[ABOUT THIS EXERCISE]:
Give back every record word for word, keeping the pictures out.

Data excerpts
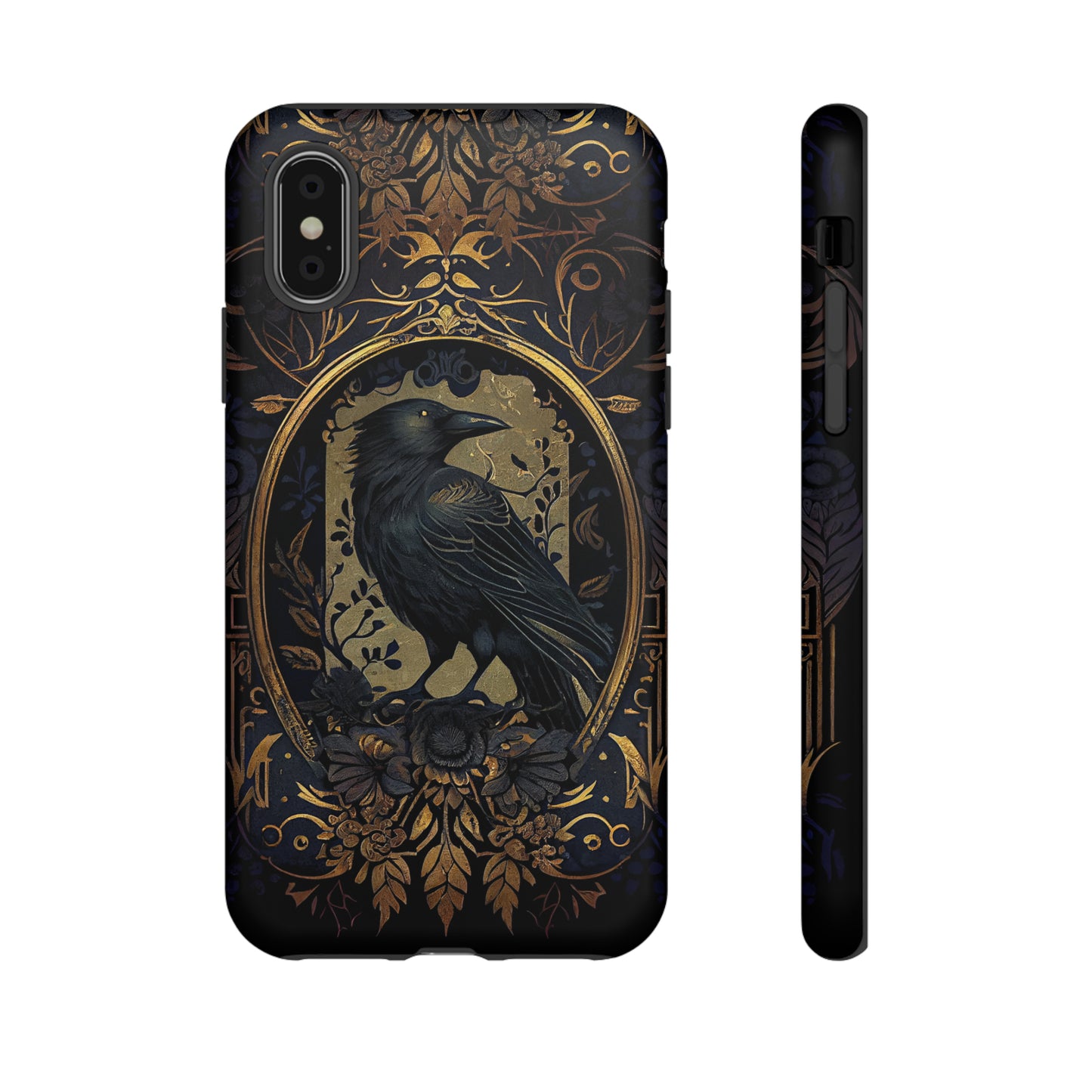 Golden Raven Guardian Phone Case | Elegant Gothic Style 2-layer Tough Phone Cases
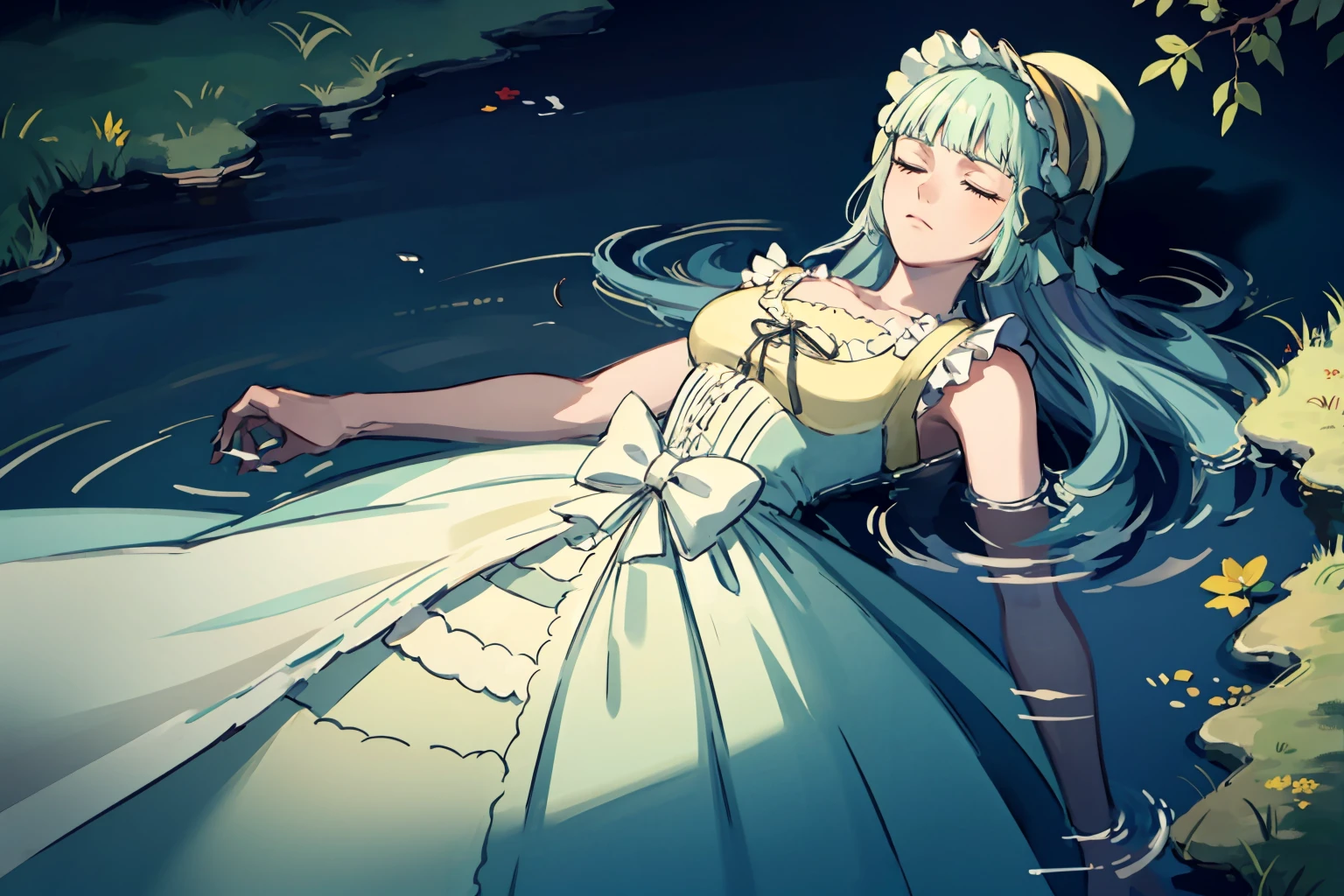 masterpiece,high quality,highres,1girl,solo,<lora:ophelia-parody-v1-wasabiya:1>,ophesyle,water,partially submerged,closed eyes,emotionless,branches,swamp,day ,on back,from side,<lora:clair-10:1>,clairvaux,blue eyes,bonnet,frills,dress,bow,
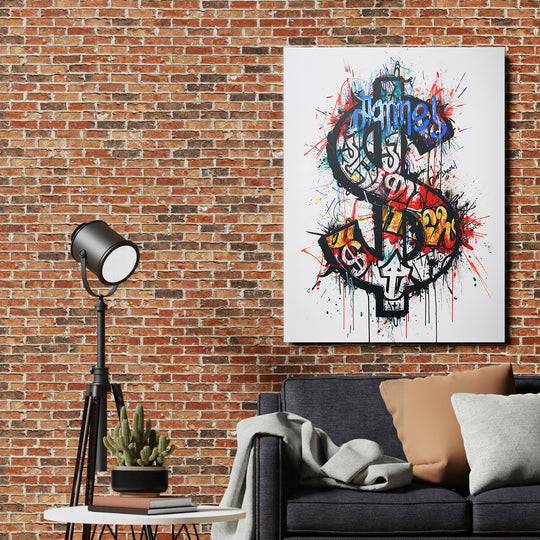 Pop art obraz Dolar - Barevné graffiti na cihlové zdi.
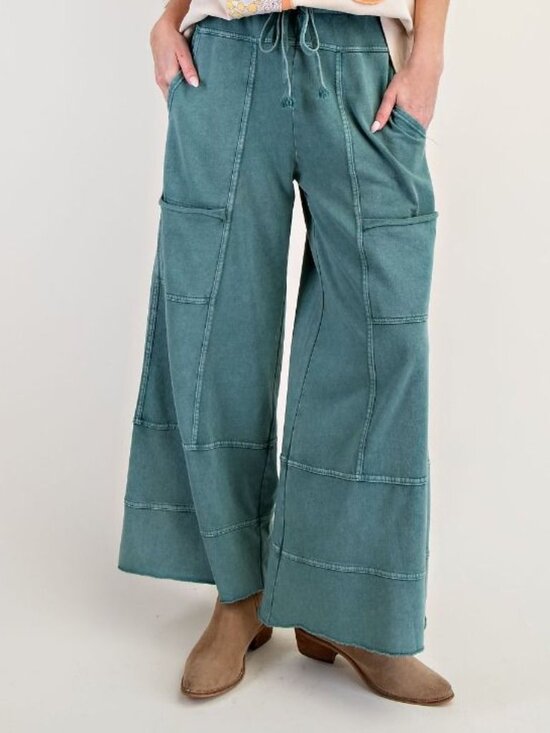 Easel Los Angeles Pants - E46 Easel Teal Mineral Washed Terry Pants Plus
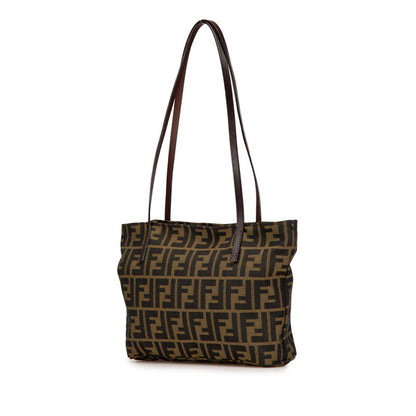 Fendi Zucca Nylon Leather Tote Bag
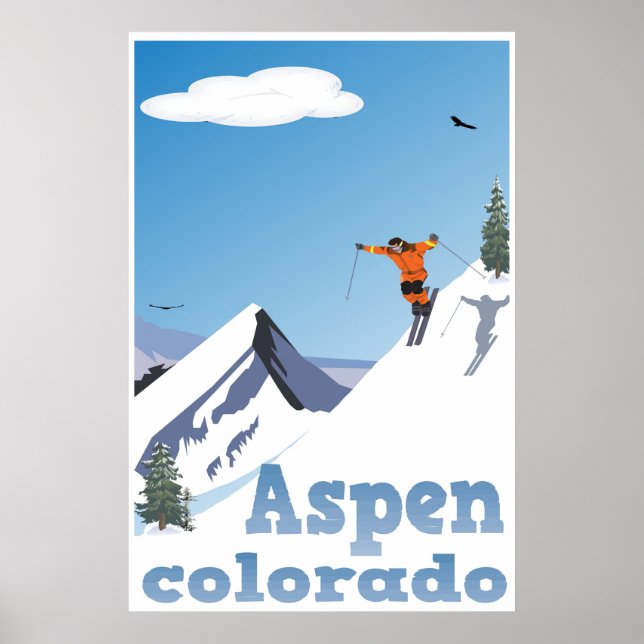 Aspen, Colorado, Rocky Mountain, Affiche de ski (Devant)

[EXERCISE SOLUTION]:
 Golden Raven Guardian Phone Case | Elegant Gothic Style 2-layer Tough Phone Cases
 masterpiece,high quality,highres,1girl,solo,<lora:ophelia-parody-v1-wasabiya:1>,ophesyle,water,partially submerged,closed eyes,emotionless,branches,swamp,day ,on back,from side,<lora:clair-10:1>,clairvaux,blue eyes,bonnet,frills,dress,bow,
 Pop art obraz Dolar - Barevné graffiti na cihlové zdi.
 Easel Los Angeles Pants - E46 Easel Teal Mineral Washed Terry Pants Plus
 Fendi Zucca Nylon Leather Tote Bag
 Aspen, Colorado, Rocky Mountain, Affiche de ski (Devant)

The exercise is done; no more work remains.